# LISTED RECORDS
↓

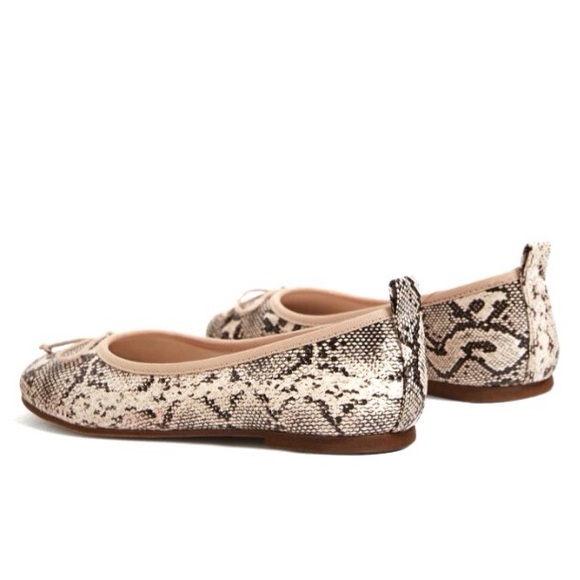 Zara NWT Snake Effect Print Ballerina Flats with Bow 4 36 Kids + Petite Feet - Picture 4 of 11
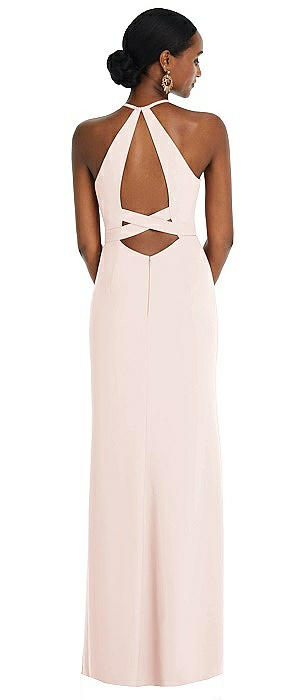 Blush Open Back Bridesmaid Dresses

↑
↓

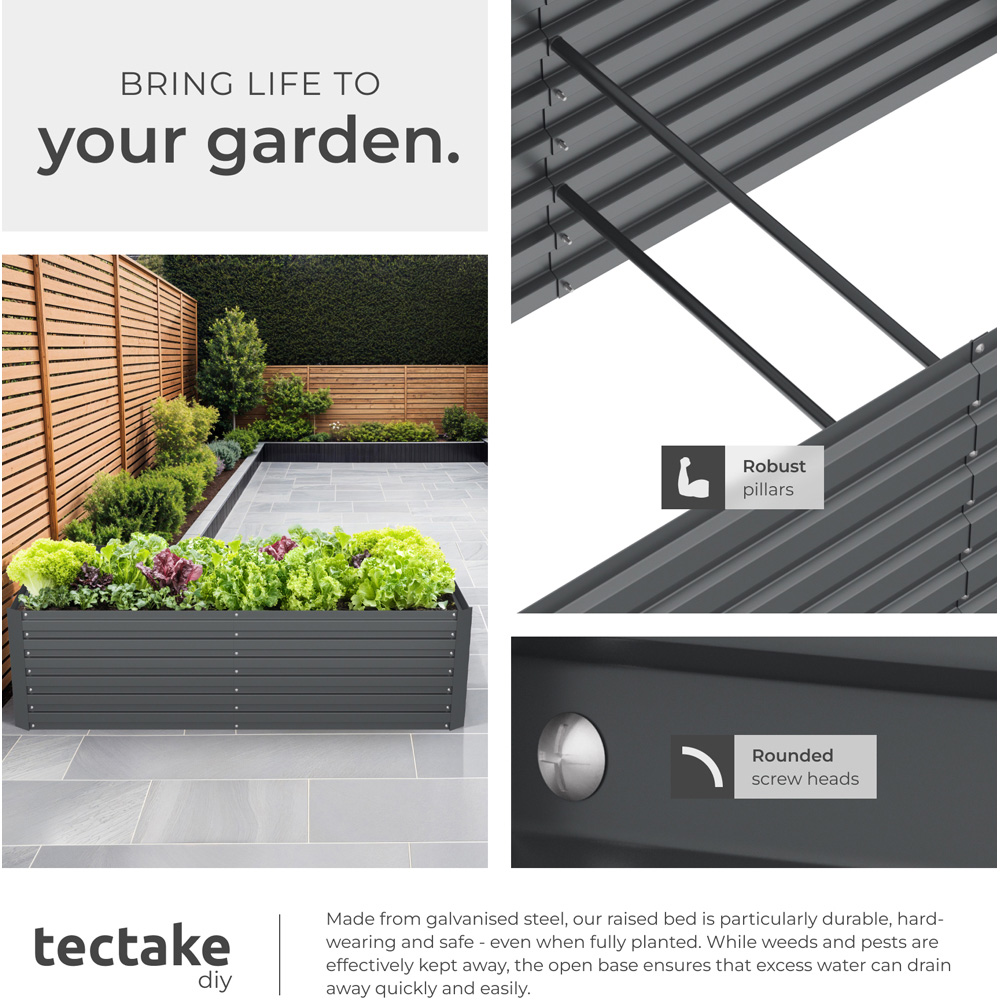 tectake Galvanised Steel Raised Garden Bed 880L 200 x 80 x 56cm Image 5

↑

# WHAT TO PRODUCE
Look above for the line with "Zara NWT Snake" and the line with "Blush Open Back Bridesmaid Dresses". Output those two and everything between them exactly, pictures excluded.

# EXERCISE RESPONSE
 Zara NWT Snake Effect Print Ballerina Flats with Bow 4 36 Kids + Petite Feet - Picture 4 of 11
 Blush Open Back Bridesmaid Dresses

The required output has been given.